That day is June 12, when Congress is set to take up a carbon tax proposal. The Senate today starts debating cap-and-trade regulation that would set quotas for carbon dioxide emissions. Polluters that used less than their quotas would be able to sell credits to those exceed theirs.

Grassfire.org’s numbskull plan is to goad people to rev up their SUVs, drive unnecessary miles, leave extra lights on or host a barbecue in a “Carbon Belch Day” to protest the carbon tax proposal.

You see, the folks at grassfire.org think global warming is a bunch of hot air. They are not alone, of course. Even though most scientists agree climate change is real, opponents dismiss any assertion the earth is warming up and get positively livid at the suggestion that human activity has anything to do with it.

But regardless of one’s position on global warming, actually asking people to go out of their way to waste energy is ill-advised. Especially at a time when oil prices have hit new heights, sending the price of food, transportation and heating into the stratosphere.

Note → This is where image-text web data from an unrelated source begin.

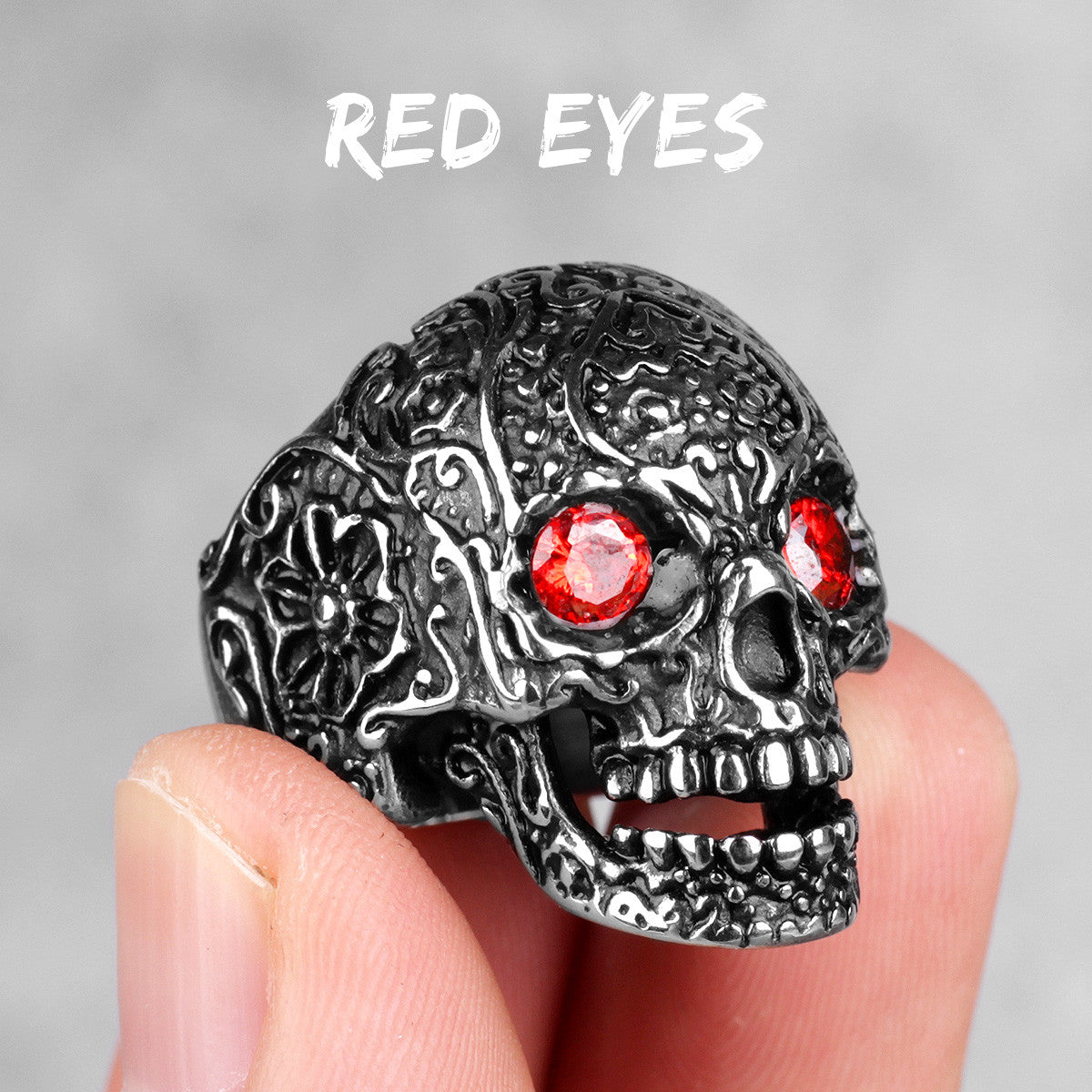Skull Head Collection | Stainless Steel Wicked Skulls 316L No Fade Bike Skull Rings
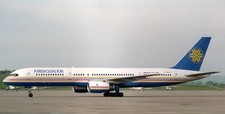 B-757-200 Ambassador Airways Airplane Desktop Wood Model Regular picture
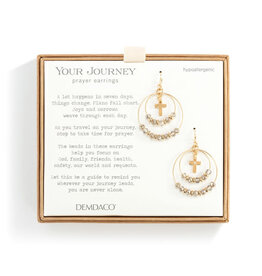Beaded Prayer Earrings - Grey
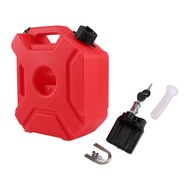 (QBEP) 1Set 5L Tanks Plastic Car Mount Jerrycan Gas Can Oil Container Canister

Grassfire.com is sure to inspire the anti-warming fringe into action on June 12, but most people will continue to seek ways to control their energy costs by driving less, installing efficient lightbulbs and taking it easy on their thermostats.

And the IT industry will continue its efforts to develop more efficient technology and implement usage practices that reduce power consumption. Managed services vendors, for instance, are leveraging Intel’s vPro technology to allow solution providers to power down machines remotely. Data center operators are studying and implementing ways to use cooling systems that prevent server oveheating more efficiently. Power management, in fact, is likely to translate to decent profits for solution providers that embrace it.

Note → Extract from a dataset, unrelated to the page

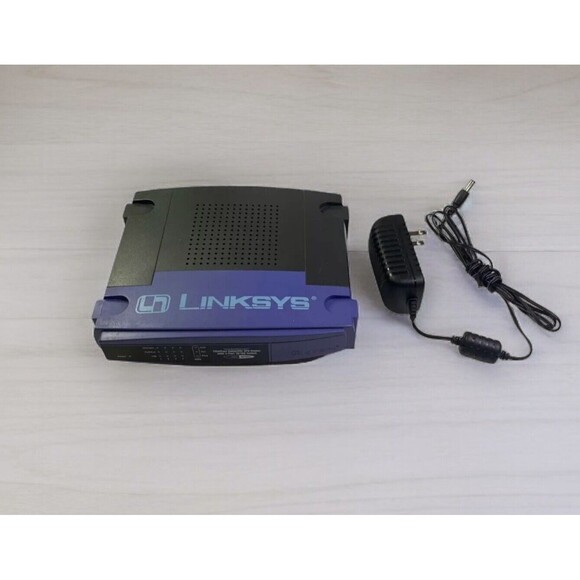 LINKSYS BEFVP41 Etherfast Cable/DSL Router w/4-Port 10/100 Switch - Works! - Picture 1 of 11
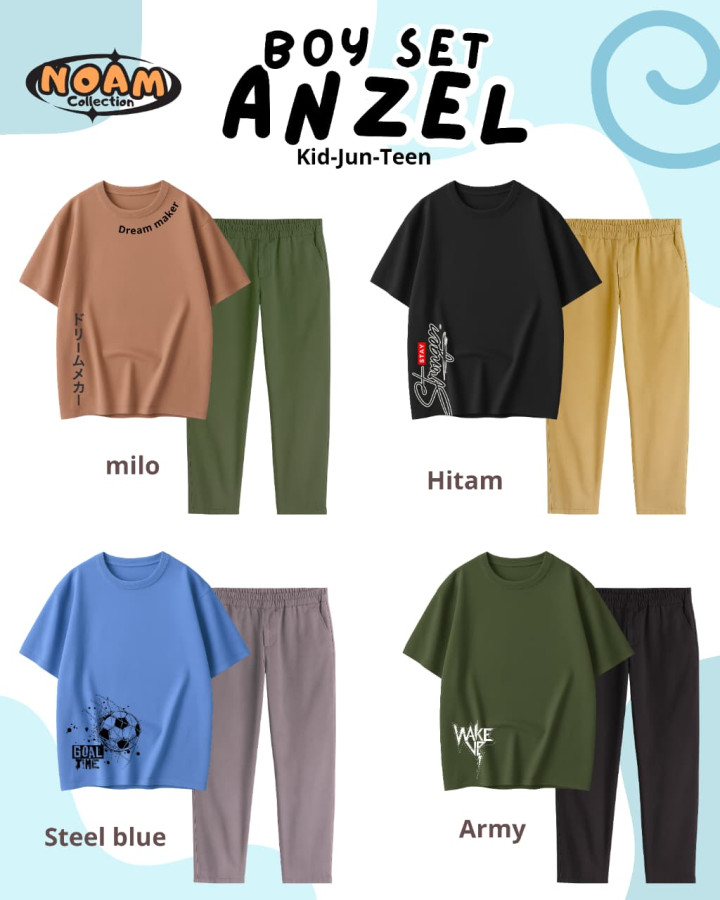 PO BOY SET ANZEL TEEN  BY NOAM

Plenty of other IT companies, including AMD, Microsoft and IBM, have embarked on so-called green IT initiatives to try to control power consumption and reduce carbon emissions. IBM, for one, recently released energy-management software and has worked with more than 2,000 clients in the past year to implement green initiatives.

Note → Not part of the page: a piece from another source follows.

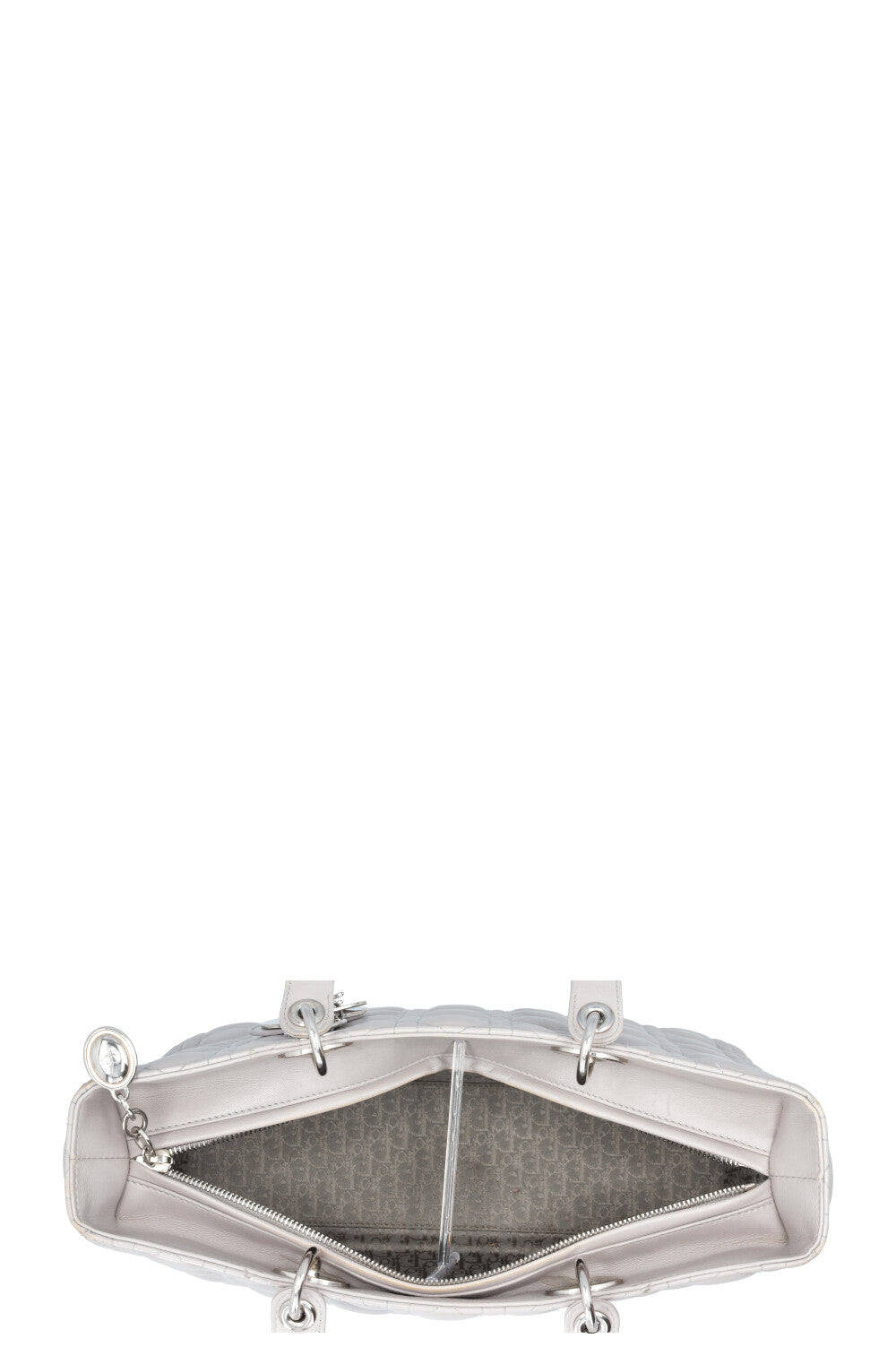 CHRISTIAN DIOR Large Lady Dior Bag Cannage Grey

Also contributing to the green are technologies such as virtualization, which has reversed the trend of expanding server farms, and new business models such as managed services, which reduces service truck rolls by allowing solution providers to remotely handle IT functions that were previously done at client sites.

Clearly the grassfire.org initiative is a joke, intended or not. Anyone who participates in “Carbon Belch Day” is sure to have a good laugh when they roll their SUVs into the gas station to fill up the next day.

But, hey, having a barbecue sounds kind of fun actually.